A larger simulation with {t=.002}, {s=100}, {g=200}, and {\rho} uniform random between {0} and {.02} shows similar behavior. The settling is, of course, slower with smaller perturbations, but the steady-state error is much less.


So it seems likely that this algorithm can evolve axis-aligned rectangles in the unit square {[0,1]^2}, over the uniform distribution, starting from {[0,1]^2} itself. This, of course, not a proof, and I have not even considered the general {n}-dimensional case.

It would be nice if evolution could start from anywhere and still reliably reach the “correct” result. However, this seems to be too much to ask: evolution can get stuck at local optima, and this phenomenon indeed shows itself for rectangles. If the initial rectangle has little or no overlap with the target, error is decreased by simply shrinking the hypothesis to the empty rectangle!


The particular way I’ve written the simulation, it’s possible for a small or zero-area rectangle to “drift” by a sequence of neutral mutations toward the target, at which point expansion will start to decrease error again. But this requires a relatively specific sequence of mutations, so the local optimum at an empty rectangle is almost stable.

Valiant’s full, general definition of evolvability actually does make the requirement that evolution could proceed from any starting point, as well as the requirement that any target distribution will do. The idea, then, is that this distribution could even change at some point in time, and evolution could proceed in another direction, without having backed itself into a corner during the first phase. This seems like quite a bit to ask, and even Valiant’s two positive results each ignore one or both of these desiderata! They are:

  • Theorem 5.1: Conjunctions of positive boolean literals (e.g. {x_1\wedge x_7}, but not {x_1\wedge\neg x_7}) are evolvable over the discrete uniform distribution, from any starting point.
  • Proposition 5.1: Conjunctions of arbitrary boolean literals are evolvable over the discrete uniform distribution, starting from the (always true) conjunction of no literals, and actually assuming a slightly more general representation class. Specifically, Valiant uses (integer, conjunction, conjunction) triplets at each step, as kind of a hack to simulate “evolution with optimization”, which tries to pick the best mutation at each step.

Ultimately I think Valiant’s full wish list for evolvability is a bit much if any non-trivial class is to satisfy the whole thing, and I’d say the lack of completely satisfactory results in the paper is telling.
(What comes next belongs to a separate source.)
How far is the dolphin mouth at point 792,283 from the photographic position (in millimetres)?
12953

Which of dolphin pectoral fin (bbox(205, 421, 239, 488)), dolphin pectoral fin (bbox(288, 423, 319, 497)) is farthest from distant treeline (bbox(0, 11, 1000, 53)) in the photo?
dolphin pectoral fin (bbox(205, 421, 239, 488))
The most obvious issue to my mind is that distributions which are highly concentrated on a subset of extremely small measure will throw a wrench into reasonable mutation processes: extremely small genotypic mutations (and hence many generations) will be required to tune phenotypes accurately.

A reasonable relaxation of “evolvable over any distribution” should take such concentration of measure into account, perhaps only considering distributions which never differ from the uniform distribution (continuous or discrete version, as appropriate) by more than a constant multiplicative factor {c} in their probability density/mass functions. Perhaps all relevant bounds on {s}, {1/t}, {g} and so forth should be required to depend only polynomially on {c} and {1/c} as well. This unfortunately complicates the already large definition, but I do suspect something like this is necessary.


  1. One might still try to evolve parity functions with some richer class {H\supseteq C}, where the argument we give no longer holds. Valiant’s full argument is slightly more sophisticated: it points out that evolvability under any representation class {H} implies learnability in the Statistical Query model, which is a weaker version of PAC in which parity functions are famously not learnable.